Low Fuel and High Drama at Singapore Qualifying

Max Verstappen will line up eighth on the grid in Singapore. | Image by Mark Thompson, Getty Images

What began as a wet day of qualifying at Marina Bay finished dry — a portend of a night reigning Drivers Champion Max Verstappen would rather forget.

Due to wet conditions on the track in Singapore, every driver left the paddock for the first round of qualifying on the intermediate tire. As its name implies, it is designed for grip between the dry surface tire selections and the full wet tire typically used during active rainfall.

The drivers gingerly made their way around the track during the first round, feeling out the turns for grip and devising a plan of attack for the duration.

After logging a lap only good enough for 13th fastest on his first attempt, Verstappen quickly took control and put his Red Bull into first for the session. He was followed by Mercedes’ Lewis Hamilton and Ferrari’s Charles Leclerc.

The final seconds of the first session featured an exciting game of leapfrogs. The bottom five drivers in danger of being eliminated started putting in their best laps, jumping up the order, and sending other drivers tumbling down towards the bottom.

AlphaTauri drivers, Pierre Gasley and Yuki Tsunoda, and Haas drivers, Kevin Magnussen and Mick Schumacher, staved off elimination and charged into the second session. Daniel Ricciardo of McLaren was one of the once-safe drivers who found themselves eliminated after the late flurry, continuing his abysmal performance in qualifying throughout 2023.

The second session looked much like the first, with the field still taking the track with intermediate tires. Although there was no active rainfall, the race at night and the high humidity of the bay caused the wet conditions to persist.

Leclerc finished the session first, followed by Hamilton and Verstappen — all putting in a 1:52 lap and coming within four-tenths of a second.

The big surprise, however, was the terrible performance of Mercedes’ George Russell, who struggled in both sessions to maximize the car’s performance in the same way we saw with Hamilton. Russell’s qualifying came to a surprising end when he failed to advance by just six-thousandths of a second to Magnussen.

Teams largely took the gamble to put their drivers who advanced to the third session of qualifying on dry tires, as only a handful of turns remained wet after the second session.

While this decision would prove to be correct, the turns that were still wet were challenging for drivers to manage on the dry tire.

Hamilton jumped out to an early lead, putting his car into first in the third session and with it provisional pole for Sunday’s race. However, Leclerc responded with a blistering lap and retook the top spot, followed by Verstappen’s Red Bull teammate Sergio Perez who put his car into second, splitting Leclerc and Hamilton.

Even with several struggles with the dry tire in the wet turns, Verstappen was still threatening to take pole position. With time running out, he put it all together for his best lap of the session, registering two purple sectors, which means he was the fastest driver on the track in each.
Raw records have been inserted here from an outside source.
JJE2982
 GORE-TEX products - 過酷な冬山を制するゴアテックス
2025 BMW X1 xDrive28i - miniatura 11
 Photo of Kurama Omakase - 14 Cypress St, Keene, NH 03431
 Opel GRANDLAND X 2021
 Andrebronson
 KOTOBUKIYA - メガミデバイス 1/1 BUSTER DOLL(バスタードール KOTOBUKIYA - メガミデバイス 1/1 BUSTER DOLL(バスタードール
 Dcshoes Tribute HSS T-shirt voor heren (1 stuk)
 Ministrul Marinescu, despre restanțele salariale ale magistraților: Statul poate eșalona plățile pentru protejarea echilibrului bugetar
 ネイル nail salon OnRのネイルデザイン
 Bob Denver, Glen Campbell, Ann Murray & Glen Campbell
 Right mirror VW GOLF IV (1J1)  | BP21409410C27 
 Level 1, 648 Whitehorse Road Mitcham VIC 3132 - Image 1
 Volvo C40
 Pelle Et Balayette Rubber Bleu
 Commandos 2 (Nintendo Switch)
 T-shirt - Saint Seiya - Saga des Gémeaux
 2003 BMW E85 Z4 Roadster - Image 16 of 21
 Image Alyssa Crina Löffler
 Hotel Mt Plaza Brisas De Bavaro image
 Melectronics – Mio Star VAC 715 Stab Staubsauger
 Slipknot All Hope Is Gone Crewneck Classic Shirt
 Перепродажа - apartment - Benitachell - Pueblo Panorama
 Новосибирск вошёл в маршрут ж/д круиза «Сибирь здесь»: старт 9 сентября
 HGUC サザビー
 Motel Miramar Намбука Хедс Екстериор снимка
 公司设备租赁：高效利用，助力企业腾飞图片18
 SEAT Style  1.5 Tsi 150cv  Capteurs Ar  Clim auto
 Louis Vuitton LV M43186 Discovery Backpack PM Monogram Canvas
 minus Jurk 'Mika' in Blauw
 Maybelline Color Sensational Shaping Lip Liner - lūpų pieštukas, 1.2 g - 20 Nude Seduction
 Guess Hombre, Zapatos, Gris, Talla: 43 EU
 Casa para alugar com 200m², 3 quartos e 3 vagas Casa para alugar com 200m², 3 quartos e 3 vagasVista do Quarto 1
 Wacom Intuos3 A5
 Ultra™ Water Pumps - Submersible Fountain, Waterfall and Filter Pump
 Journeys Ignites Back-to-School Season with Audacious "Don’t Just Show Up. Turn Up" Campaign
However, Red Bull ordered him to abort the attempt due to concerns that he would not meet the minimum fuel requirements after qualifying. If drivers do not maintain at least one liter of fuel after qualifying, they could be severely penalized and start from the back on race day.

While the top three remained the same, Verstappen fell down the order as driver after driver put in their best laps of the session. Verstappen will start from the 8th position in tomorrow’s race.